All this has made me more alert in other venues. This morning, I approached the American Airlines counter to check a piece of luggage. It is early on a quiet day, and there are no other people waiting in line. No pressure. I hand the agent my pre-printed boarding passes and my driver's license.

"That will be $20 for the luggage," she says.
"I thought I was exempt because I am an Aadvantage Gold member," I reply (while silently noting that the sign on the counter says $25, and not $20.)
"Well, I'll just waive it," she says.

She hands me a new boarding pass, with "Steven Levy" on it and my luggage receipt, which says "ORD" instead of "SFO."

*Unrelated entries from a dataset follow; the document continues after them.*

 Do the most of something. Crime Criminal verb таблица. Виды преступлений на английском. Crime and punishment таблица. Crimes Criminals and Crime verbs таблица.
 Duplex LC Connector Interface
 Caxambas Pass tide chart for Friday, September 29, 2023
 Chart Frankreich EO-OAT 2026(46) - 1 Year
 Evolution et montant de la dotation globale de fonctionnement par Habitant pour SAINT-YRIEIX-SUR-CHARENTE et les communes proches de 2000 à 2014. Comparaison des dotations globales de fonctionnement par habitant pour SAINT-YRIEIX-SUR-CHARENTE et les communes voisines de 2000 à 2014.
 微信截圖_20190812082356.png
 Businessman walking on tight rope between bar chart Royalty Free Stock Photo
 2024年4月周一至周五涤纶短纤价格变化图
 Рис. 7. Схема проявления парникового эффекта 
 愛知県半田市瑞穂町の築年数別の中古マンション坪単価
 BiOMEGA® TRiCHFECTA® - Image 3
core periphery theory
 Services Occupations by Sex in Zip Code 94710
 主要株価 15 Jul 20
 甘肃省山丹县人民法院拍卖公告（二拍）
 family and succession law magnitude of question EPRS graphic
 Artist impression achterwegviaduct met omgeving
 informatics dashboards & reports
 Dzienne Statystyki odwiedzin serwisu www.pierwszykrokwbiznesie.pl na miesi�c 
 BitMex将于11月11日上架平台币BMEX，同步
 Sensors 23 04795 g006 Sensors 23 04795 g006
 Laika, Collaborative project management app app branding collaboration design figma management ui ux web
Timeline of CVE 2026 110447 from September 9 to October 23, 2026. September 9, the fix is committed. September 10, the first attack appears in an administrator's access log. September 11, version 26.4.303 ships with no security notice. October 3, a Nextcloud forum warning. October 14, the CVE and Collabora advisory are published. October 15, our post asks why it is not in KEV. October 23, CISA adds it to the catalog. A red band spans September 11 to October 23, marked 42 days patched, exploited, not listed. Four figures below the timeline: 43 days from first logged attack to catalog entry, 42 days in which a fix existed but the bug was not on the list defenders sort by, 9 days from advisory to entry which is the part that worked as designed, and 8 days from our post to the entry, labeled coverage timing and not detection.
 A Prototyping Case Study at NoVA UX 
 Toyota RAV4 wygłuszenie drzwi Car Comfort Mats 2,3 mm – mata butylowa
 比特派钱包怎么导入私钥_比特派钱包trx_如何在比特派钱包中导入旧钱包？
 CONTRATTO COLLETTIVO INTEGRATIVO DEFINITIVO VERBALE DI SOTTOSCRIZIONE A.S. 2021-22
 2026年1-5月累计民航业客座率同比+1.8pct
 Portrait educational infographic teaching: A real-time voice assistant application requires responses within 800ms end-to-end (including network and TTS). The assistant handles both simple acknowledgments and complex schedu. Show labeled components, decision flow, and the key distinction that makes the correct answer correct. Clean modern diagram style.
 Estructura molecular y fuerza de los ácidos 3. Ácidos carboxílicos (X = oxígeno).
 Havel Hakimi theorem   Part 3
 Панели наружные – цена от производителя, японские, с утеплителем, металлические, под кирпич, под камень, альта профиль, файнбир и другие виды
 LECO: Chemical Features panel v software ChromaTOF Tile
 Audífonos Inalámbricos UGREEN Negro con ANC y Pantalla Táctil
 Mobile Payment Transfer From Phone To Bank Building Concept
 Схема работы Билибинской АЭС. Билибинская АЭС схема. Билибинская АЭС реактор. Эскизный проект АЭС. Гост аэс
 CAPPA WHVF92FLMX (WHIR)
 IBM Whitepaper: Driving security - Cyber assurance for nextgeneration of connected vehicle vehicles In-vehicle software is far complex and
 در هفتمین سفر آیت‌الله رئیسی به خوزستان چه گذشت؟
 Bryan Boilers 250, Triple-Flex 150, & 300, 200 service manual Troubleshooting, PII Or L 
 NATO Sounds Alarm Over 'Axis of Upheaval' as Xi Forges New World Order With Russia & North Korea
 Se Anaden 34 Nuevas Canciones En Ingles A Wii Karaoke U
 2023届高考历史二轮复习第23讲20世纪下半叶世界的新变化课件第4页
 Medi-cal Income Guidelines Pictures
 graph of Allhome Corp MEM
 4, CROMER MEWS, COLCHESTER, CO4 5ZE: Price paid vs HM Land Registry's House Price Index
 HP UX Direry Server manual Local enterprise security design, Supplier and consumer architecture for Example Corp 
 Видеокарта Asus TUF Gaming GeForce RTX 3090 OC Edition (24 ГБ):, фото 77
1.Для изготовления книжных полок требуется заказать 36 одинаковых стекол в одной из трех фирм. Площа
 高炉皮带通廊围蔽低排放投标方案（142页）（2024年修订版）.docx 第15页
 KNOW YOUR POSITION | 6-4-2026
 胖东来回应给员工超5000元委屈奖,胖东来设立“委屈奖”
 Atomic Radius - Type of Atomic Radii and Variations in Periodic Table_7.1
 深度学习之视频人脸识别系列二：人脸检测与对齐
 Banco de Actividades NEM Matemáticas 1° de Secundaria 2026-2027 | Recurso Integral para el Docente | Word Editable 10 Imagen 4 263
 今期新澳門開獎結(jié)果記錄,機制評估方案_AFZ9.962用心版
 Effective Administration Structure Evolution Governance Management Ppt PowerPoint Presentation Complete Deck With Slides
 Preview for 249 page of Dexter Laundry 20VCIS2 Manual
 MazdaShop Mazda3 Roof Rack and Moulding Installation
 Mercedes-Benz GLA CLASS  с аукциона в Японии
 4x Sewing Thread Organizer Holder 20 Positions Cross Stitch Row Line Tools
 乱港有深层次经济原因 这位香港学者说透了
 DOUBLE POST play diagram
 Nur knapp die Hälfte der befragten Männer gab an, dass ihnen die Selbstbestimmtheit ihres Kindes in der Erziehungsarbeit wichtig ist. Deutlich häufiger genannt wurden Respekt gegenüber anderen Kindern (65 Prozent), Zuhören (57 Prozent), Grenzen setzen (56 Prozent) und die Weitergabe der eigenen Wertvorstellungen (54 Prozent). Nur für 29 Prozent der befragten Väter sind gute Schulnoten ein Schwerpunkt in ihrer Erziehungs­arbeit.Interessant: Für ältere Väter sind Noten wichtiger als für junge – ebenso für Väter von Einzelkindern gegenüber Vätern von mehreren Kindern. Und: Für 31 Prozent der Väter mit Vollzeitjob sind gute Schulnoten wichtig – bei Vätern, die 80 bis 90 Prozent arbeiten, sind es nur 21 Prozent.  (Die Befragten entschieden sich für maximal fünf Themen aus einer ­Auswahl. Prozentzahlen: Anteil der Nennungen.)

"But I am going to San Francisco, not Chicago. And this boarding pass does not have my name on it."

"What is your name?" she says with a bit of annoyance, although she still has not returned my license. I tell her.

She reissues the boarding pass and luggage receipt.

I review both very carefully. And I wait until I see the luggage tag securely fastened to my suitcase.

8 comments:

  1. And this is a whole different aspect of "If air travel worked like healthcare," per the video you posted recently.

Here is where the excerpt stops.